The Consumer Insurance Contracts Act 2019: a new era for insurance contracts

The Consumer Insurance Contracts Act 2019 (the Act) was signed into Irish law on 26 December 2019 and we expect it to be commenced by Ministerial Order in the coming months.

Much like the Consumer Insurance (Disclosure and Representations) Act 2012 and the Insurance Act 2015 in the United Kingdom, the Act will have a significant effect on Irish insurers, or indeed any insurers conducting insurance business in Ireland.

The Act aims to address some of the perceived imbalances between insurers and consumer policyholders, to increase transparency for the consumer and to strengthen their rights.

The Act will apply to any insurance contracts concluded or varied after the commencement of the Act. It will concern life and non-life insurance contracts alike and applies to individuals and business with a turnover of less than €3 million.

Duty of disclosure

One of the most radical changes which the Act introduces is in relation to the duty of disclosure. The longstanding “duty of good faith” will be replaced by a duty on the policyholder to answer specific questions honestly and with reasonable care.

There will be a duty on insurers to pose unambiguous questions in plain and intelligible language and the policyholder will not be expected to volunteer additional information above what is asked of them. The insurer will not be able to ask open ended questions.

An insurer shall be deemed to have waived any further duty of disclosure on the policyholder when they fail to investigate a missing/incomplete answer; this does not apply to answers provided fraudulently or recklessly.

The burden of disclosure is shifting away from the policyholder and on to the insurer and insurers will have to assess their current policy wordings carefully in light of these new duties.

Warranties  

The Act abolishes “basis of contract” clauses in insurance contracts, so that any term in a contract that seeks to convert a statement made by a consumer, for example, in a proposal form or a statement of fact, into a warranty will be invalid and unenforceable.

Claims handling

A consumer must notify an insured event within a reasonable time, however, where there is a failure to comply with a specified notification period, the insurer must show prejudice before being entitled to refuse cover.

Insurers are under a duty to handle claims promptly and fairly, notify consumers of a third party claim (if not made by the consumer) as soon as practicable and inform consumers where a claim has settled or otherwise disposed of. Importantly, any sums due to consumers shall be paid within a reasonable time and where it is not possible to quantify the total value of the claim but part can be, that element should be paid to the consumer.

There is a continuing obligation on both a consumer and an insurer to disclose information that they become aware of after a claim is submitted which would either support or prejudice the validity of the claim.
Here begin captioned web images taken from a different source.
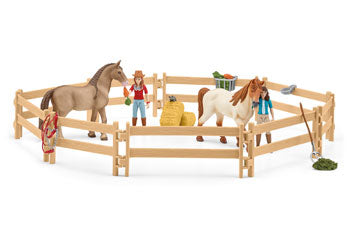 Schleich - Lakeside Riding Centre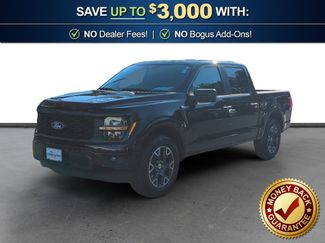 Used 2024 Ford F150 STX 360° Tour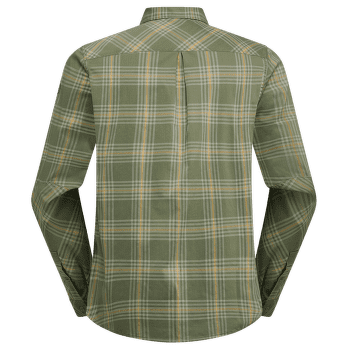 Košeľa dlhý rukáv La Sportiva OUTER SPACE LS SHIRT Men Cypress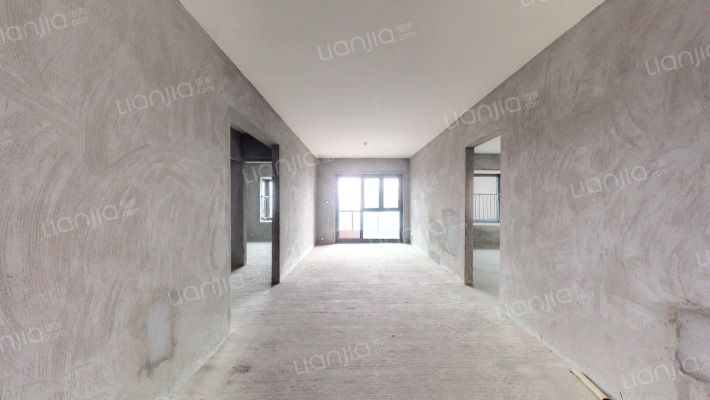 和记黄埔御峰三期二手房实景图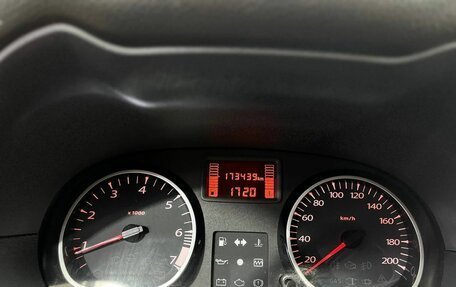Renault Duster I рестайлинг, 2013 год, 875 000 рублей, 11 фотография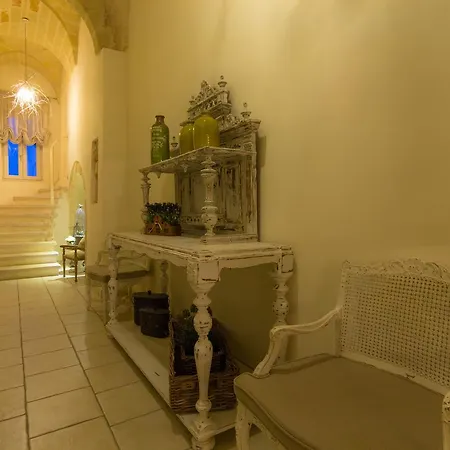 Masseria Sorani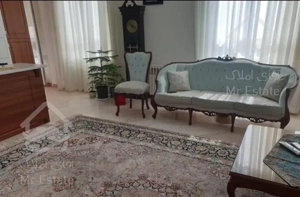 اپارتمان ۸۵ متر، کوی فردوس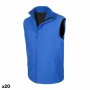 Gilet de Sport Imperméable Unisexe 144715 (20 Unités)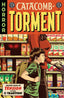 EC Catacomb of Torment #11 Jorge Fornes Var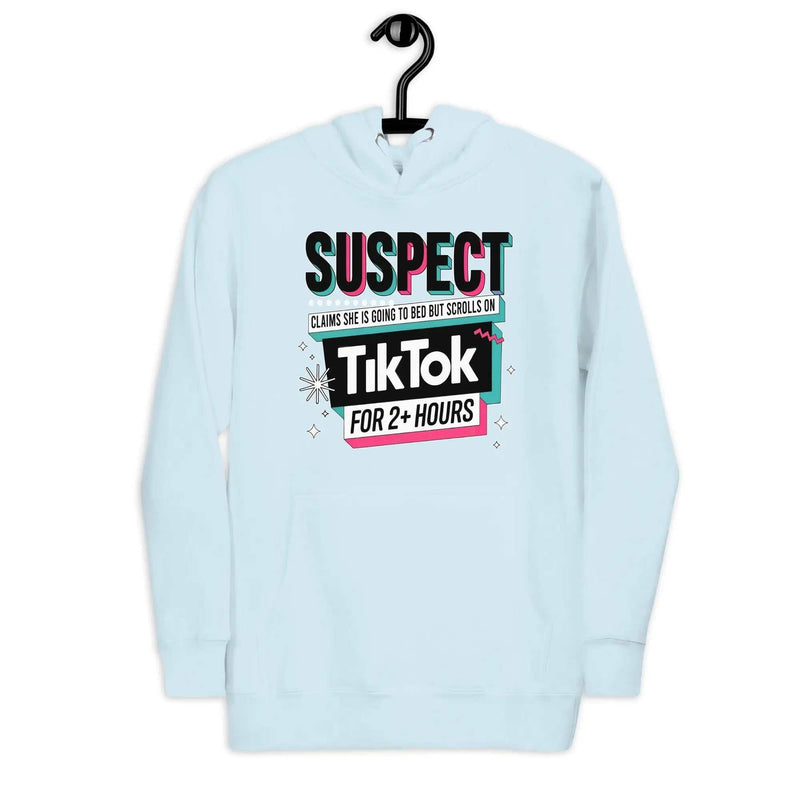 Boutique-Hoodies Good Vibrations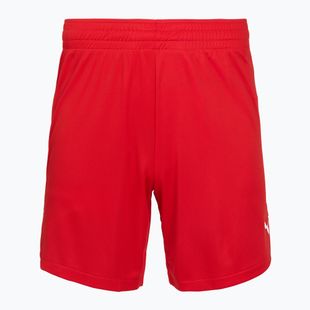Spodenki koszykarskie męskie PUMA teamJAWS Starter for all time red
This includes information that would otherwise be privileged.

Third party rights

Prior to the Act, a person not a party to an insurance contract did not have any rights of redress against the insurer save for some limited exceptions.

The Act now provides that where a person (defined as an individual, partnership or any corporate body) is insured against a liability which may be incurred by that person to a third party (being a consumer), the consumer will be permitted to claim directly against the insurer in circumstances where the insured person has died, cannot be found, is insolvent or for any other reason it appears to a court to be just and equitable to do so. This is a significant expansion of the law in relation to third party rights and is designed to to ensure that third parties (such as a person injured in an accident at work) are not prevented from recovering based on the doctrine of privity of contract. This is likely to see an increase in the payments of claims which might traditionally have been resisted by insurers.

Remedies for misrepresentation

The Act recognises an insurer’s right to refuse to pay a claim and to avoid a contract of insurance, where a consumer makes a claim containing fraudulent information that the he/she knows to be false or misleading.

The remedy available to insurers for negligent misrepresentation must reflect what the insurer would have done, had it been fully aware of the facts, and the remedy must be proportionate, for example an increased premium rather than a declinature.

Insurers cannot avoid a contract of insurance where a consumer makes an innocent misrepresentation.

Comment

The Act places more onerous obligations on insurers. Some practical tips for insurers include:

  • Adapt proposal forms accordingly so that specific information relevant to the underwriting of the risk is sought.
  • Be cautious in relation to the information underwriters elicit from customers who fall within the definition of consumers, at policy inception and at the policy renewal stage, for the purposes of the Act.
  • Deal with claims as promptly and fairly as possible.